Martingales in Optimization: Why SGD Doesn't Drift Randomly

21 March, 2026

It started, as many things do, with a Wikipedia tab I did not intend to open. I was reading through a convergence proof for stochastic gradient descent, the kind of proof that appears in the appendix of a paper you are trying to understand quickly, and I kept encountering the word martingale. Not in passing. It appeared in lemmas, in the core argument, as though it were assumed knowledge. I had a vague recollection from probability: something about gambling, something about fair games. I clicked through. Then through again.
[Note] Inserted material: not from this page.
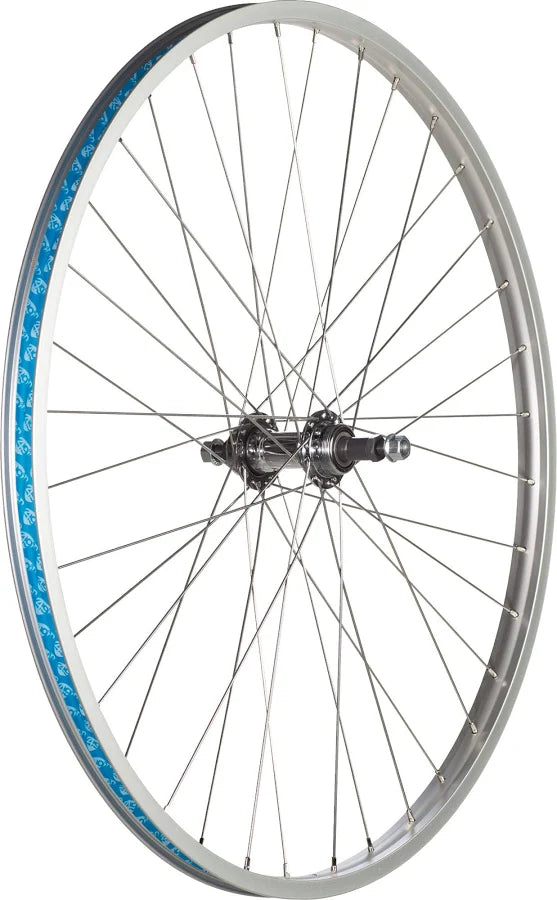 49N 26X1-3/8 ALLOY REAR WHEEL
By the time I looked up it was well past midnight and I had tabs open on optional stopping, Doob's decomposition, the law of large numbers for martingales, and the Robbins-Siegmund theorem. This is the post I wished had existed before I went down that spiral.
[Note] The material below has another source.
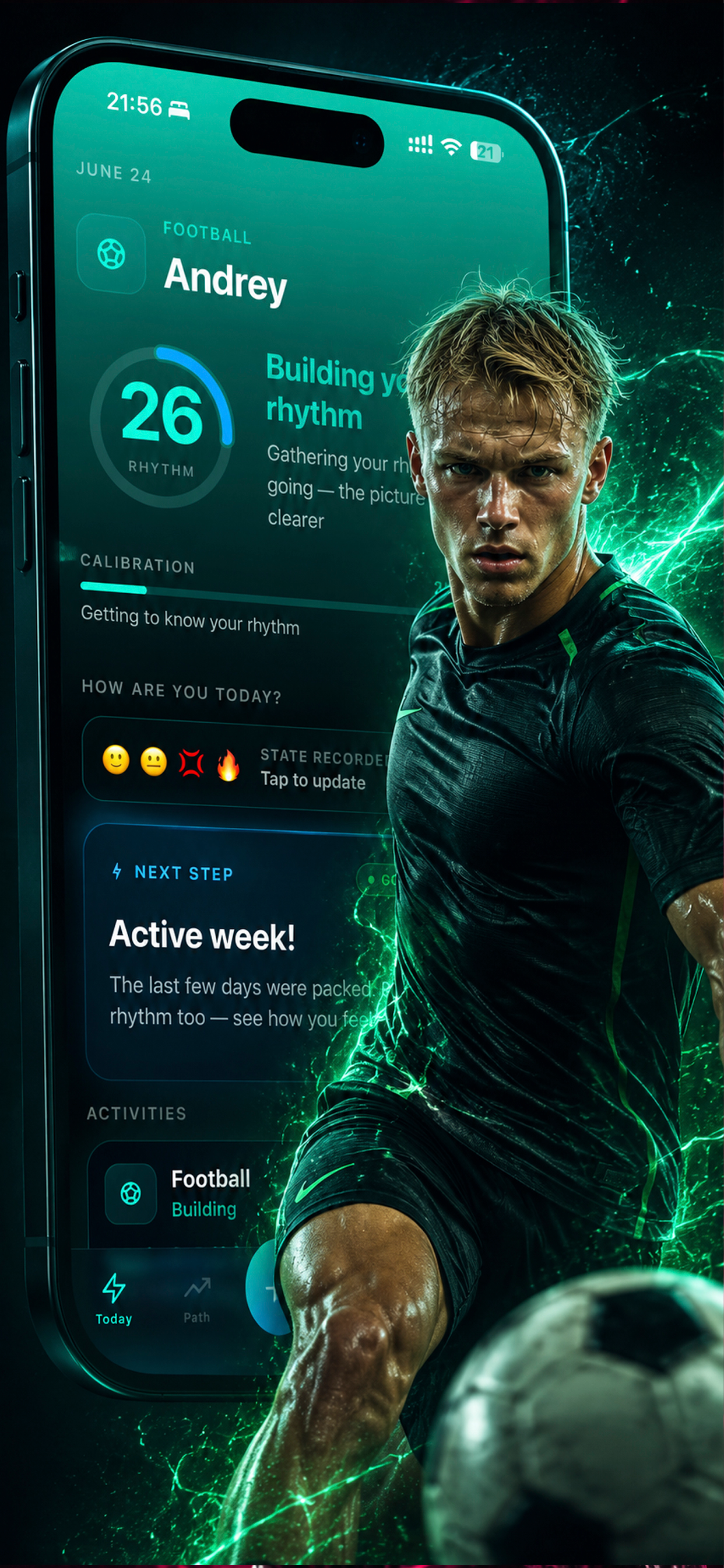 Goality 360 Sport screenshot 4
The question I kept returning to was simple. SGD is noisy. It does not follow the gradient exactly; it follows a stochastic estimate of it, computed on a random mini-batch. That noise accumulates over thousands of steps. Yet the algorithm converges. Why does the noise not send the iterates drifting off in some random direction? What is the structure that prevents pure diffusion? The answer, it turns out, is martingales. Specifically, the noise in SGD is not ordinary random noise. It has a very particular zero-mean structure that makes it a martingale difference sequence, and that structure is the precise reason it does not accumulate directional drift.

What a martingale is

The easiest entry point is through gambling. Suppose you are playing a fair game: at each step, you either win or lose one unit, each with probability one-half. Your fortune after \(t\) steps is \(M_t\). The question is: given everything that has happened up to step \(t\), what is your expected fortune at step \(t+1\)?
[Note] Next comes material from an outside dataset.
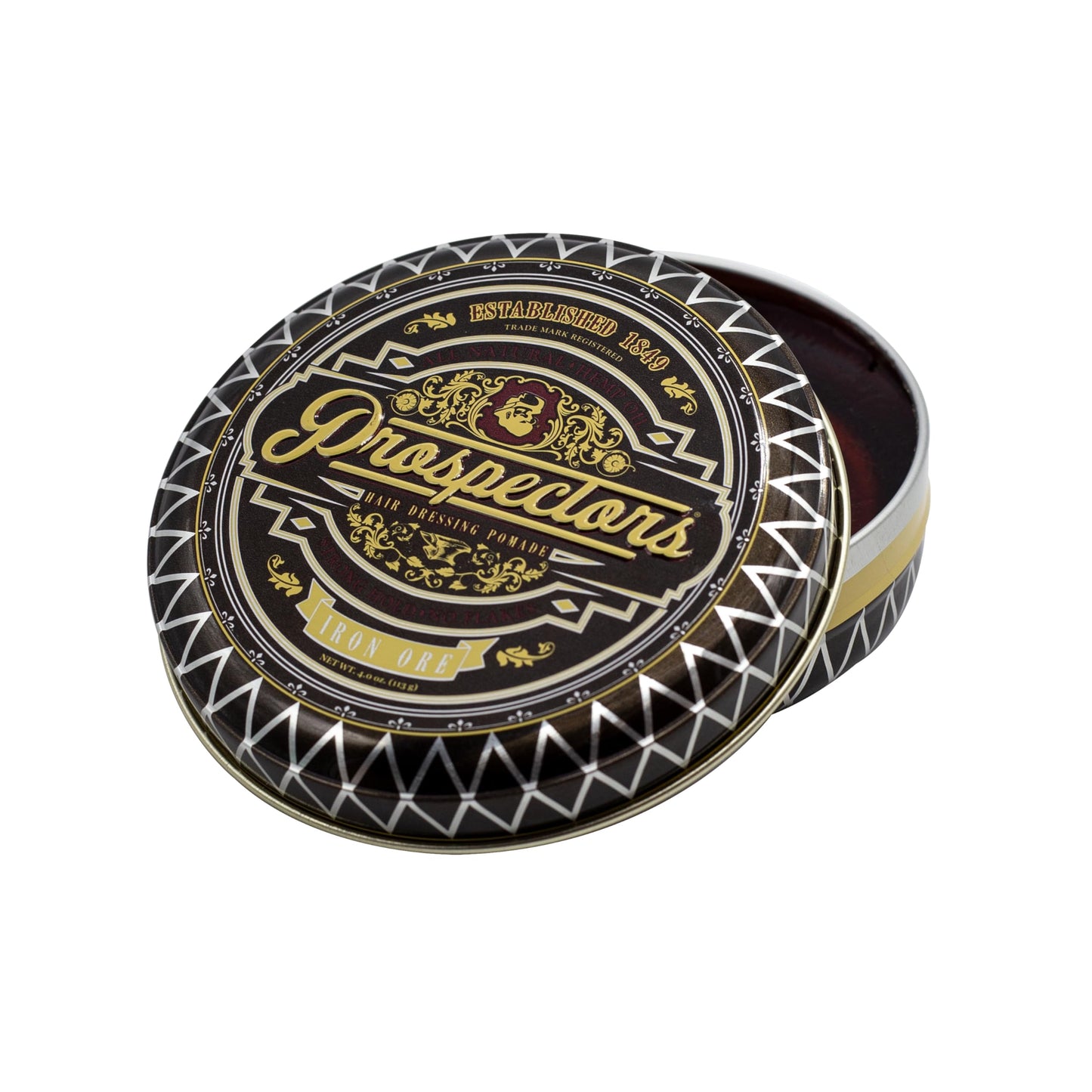 Prospectors Iron Ore Hair Pomade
\[ \mathbb{E}[M_{t+1} \mid M_0, M_1, \ldots, M_t] = M_t. \]

Your expected future fortune equals your current fortune. Not more, not less. The game is fair. This is a martingale. Formally, a sequence \((M_t)_{t \geq 0}\) is a martingale with respect to a filtration \((\mathcal{F}_t)_{t \geq 0}\) if it is adapted (each \(M_t\) is measurable with respect to \(\mathcal{F}_t\), meaning it depends only on information available at time \(t\)), integrable (\(\mathbb{E}[|M_t|] < \infty\) for all \(t\)), and satisfies:

\[ \mathbb{E}[M_{t+1} \mid \mathcal{F}_t] = M_t. \]

The filtration \(\mathcal{F}_t\) is the technical object for "everything known up to time \(t\)." In SGD, it will be the sigma-algebra generated by the initial parameters and all the random data batches seen so far: \(\mathcal{F}_t = \sigma(\theta_0, z_0, z_1, \ldots, z_{t-1})\). The filtration grows over time as more information accumulates.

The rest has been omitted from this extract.